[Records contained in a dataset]
BEGIN
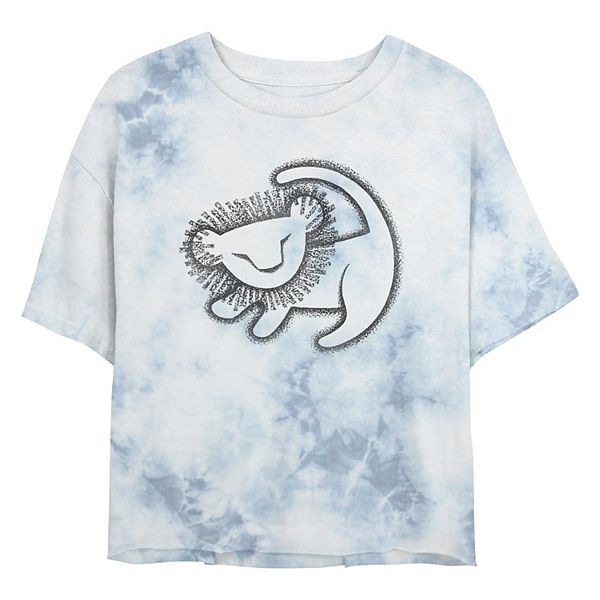 

Футболка с принтом "Король лев" Simba Disney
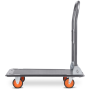 VonHaus platformni transportni voziček (150kg)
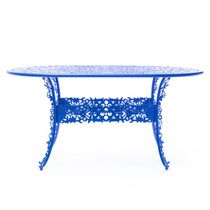 Mesa de estilo victoriano / de aluminio...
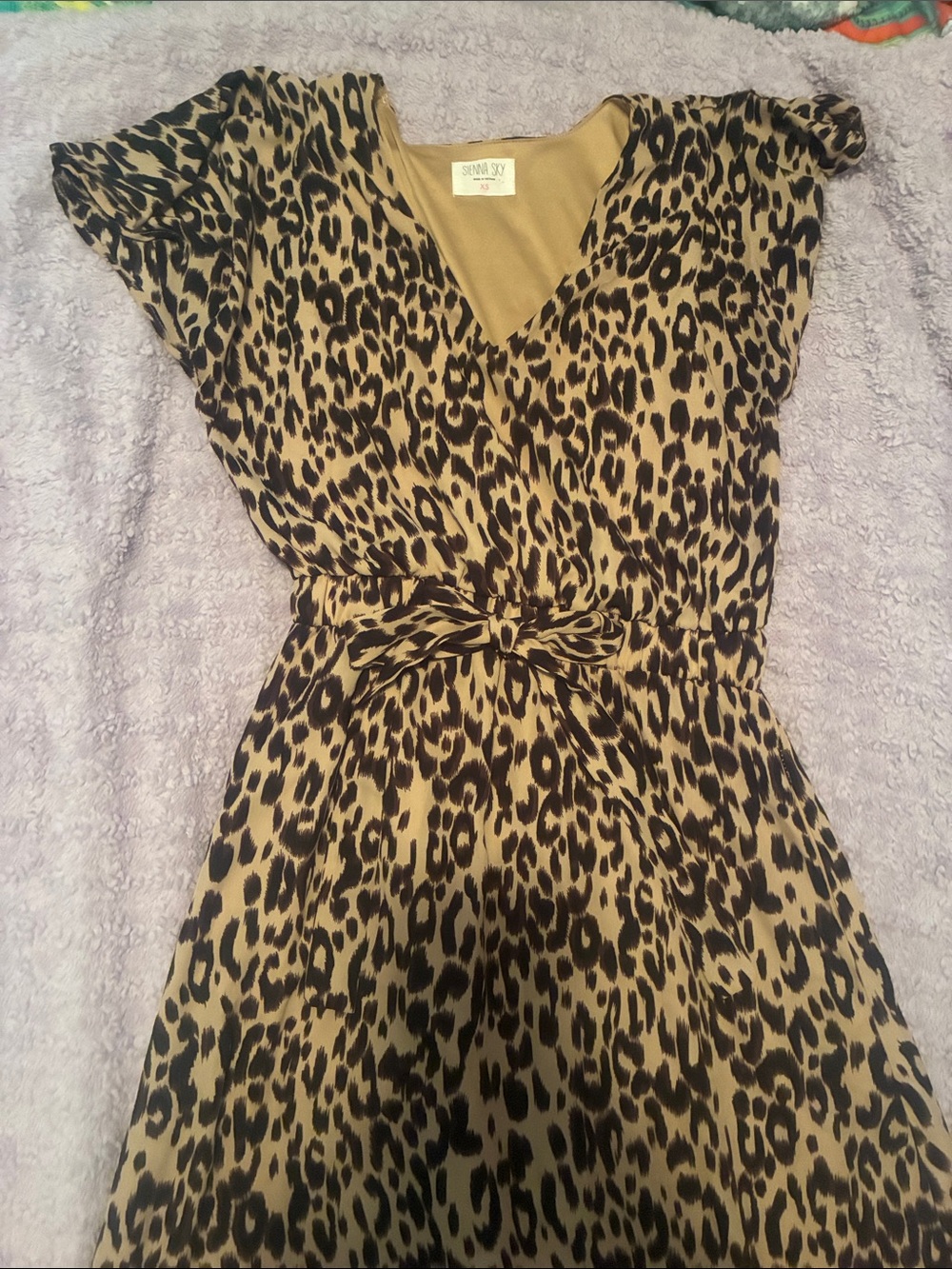 Women’s Sienna Sky X small maxi dress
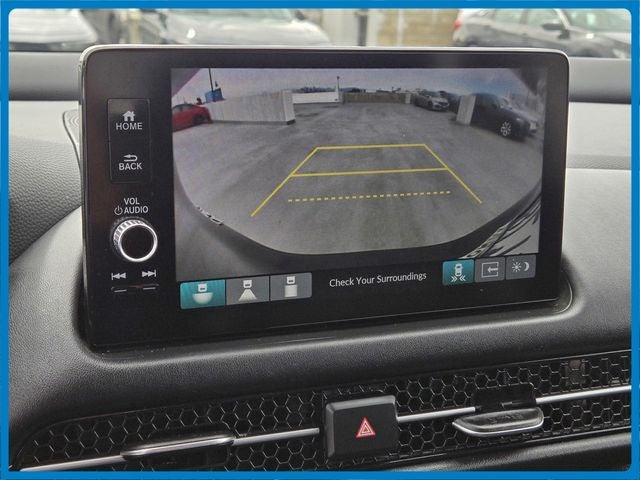 2023 Honda HR-V EX-L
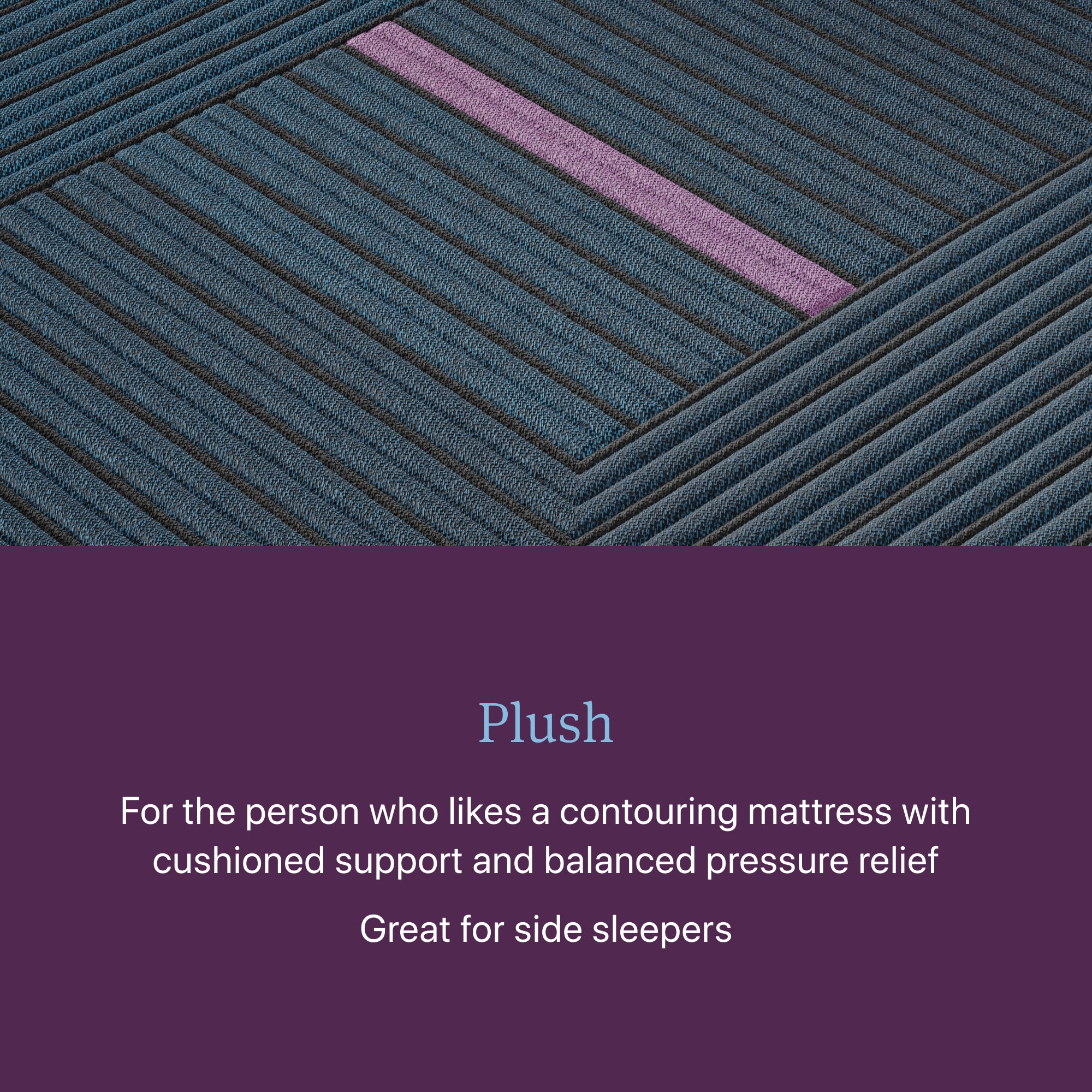 Beautyrest World Class Level Three Hybrid Plush Mattress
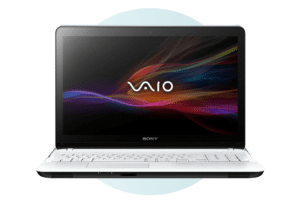 Чистка и замена термопасты Sony VAIO SVF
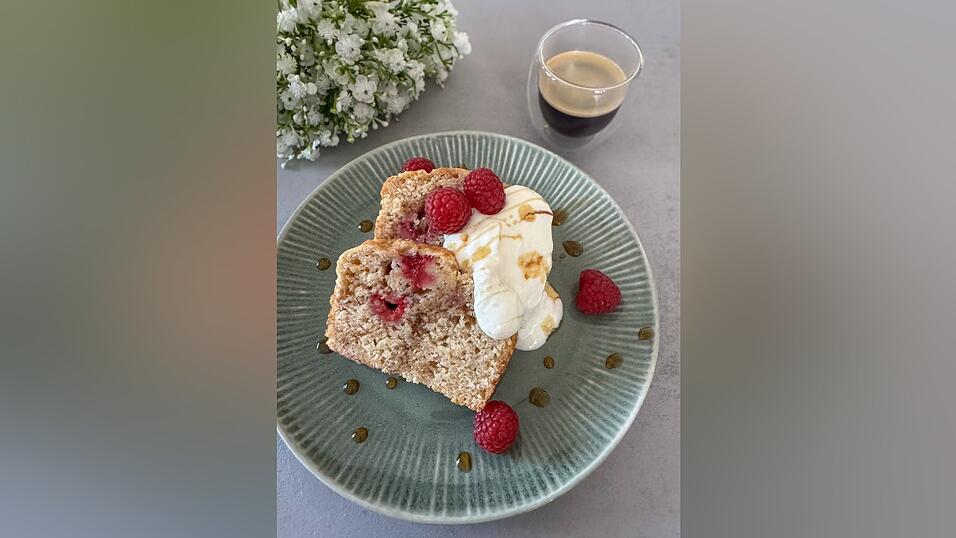 Frühstück.
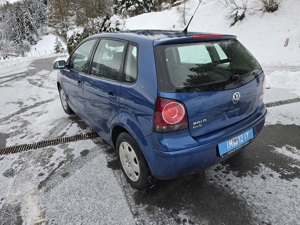 Vw Polo 1.2 mit Pickerl Bild 3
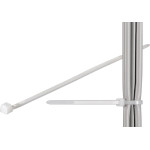 Goobay Cable Tie, Weather Resistant Nylon - (17049)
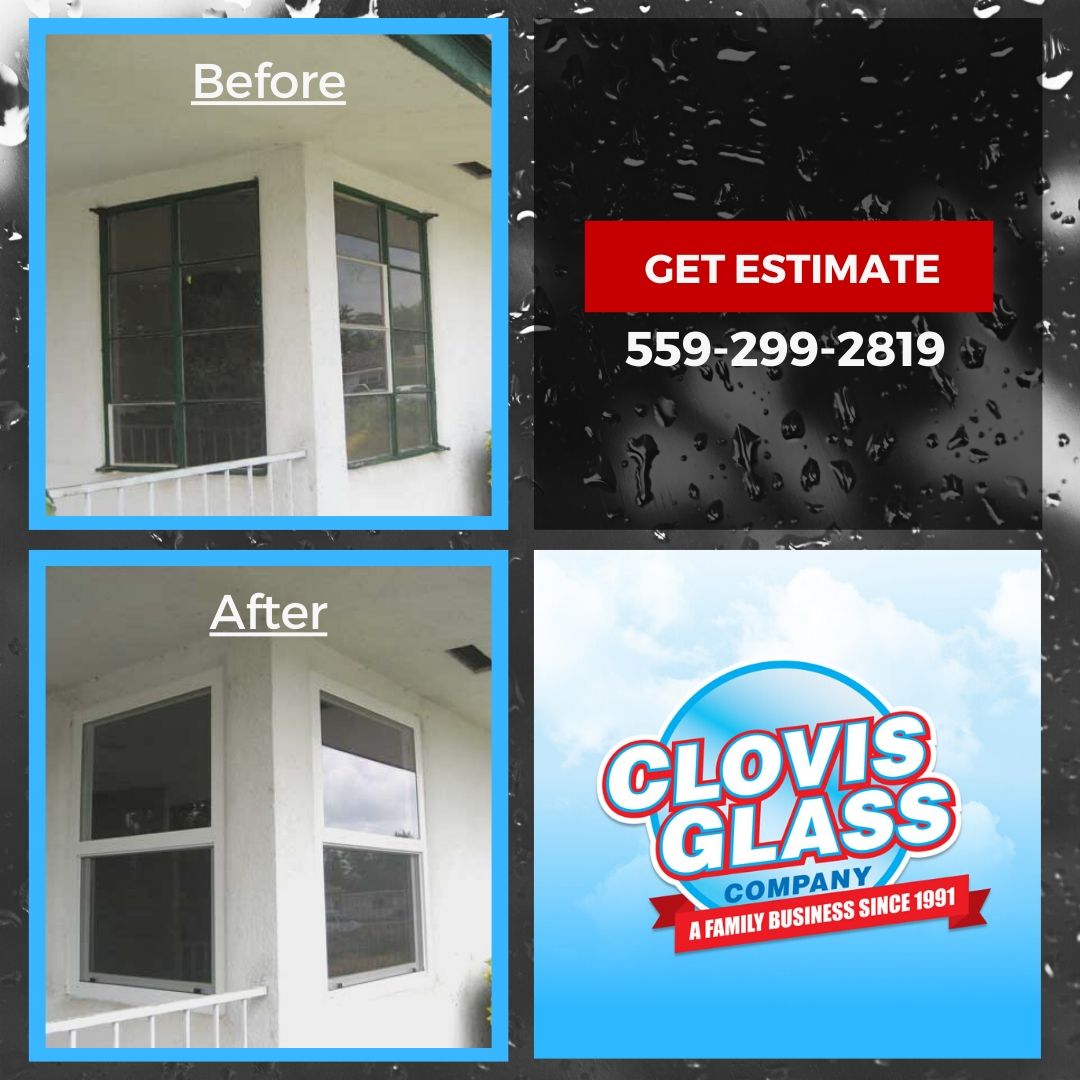 ClovisGlass's tweet photo. Clovis Glass stands by every job we do, which is why we’re the #1 glass, window replacement, and door store in Fresno County, California.
#clovisglass #milgardwindows #windowrepair #homeimprovement https://t.co/WJmsOrVEmt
END
» **Task goal**:
Every entry should be returned exactly as written, minus the pictures.

» **Answer section**:
Футболка с принтом "Король лев" Simba Disney
 VonHaus platformni transportni voziček (150kg)
 Mesa de estilo victoriano / de aluminio...
 Women’s Sienna Sky X small maxi dress
 2023 Honda HR-V EX-L
 Beautyrest World Class Level Three Hybrid Plush Mattress
 Чистка и замена термопасты Sony VAIO SVF
 Frühstück.
 Vw Polo 1.2 mit Pickerl Bild 3
 Goobay Cable Tie, Weather Resistant Nylon - (17049)
 ClovisGlass's tweet photo. Clovis Glass stands by every job we do, which is why we’re the #1 glass, window replacement, and door store in Fresno County, California.
#clovisglass #milgardwindows #windowrepair #homeimprovement https://t.co/WJmsOrVEmt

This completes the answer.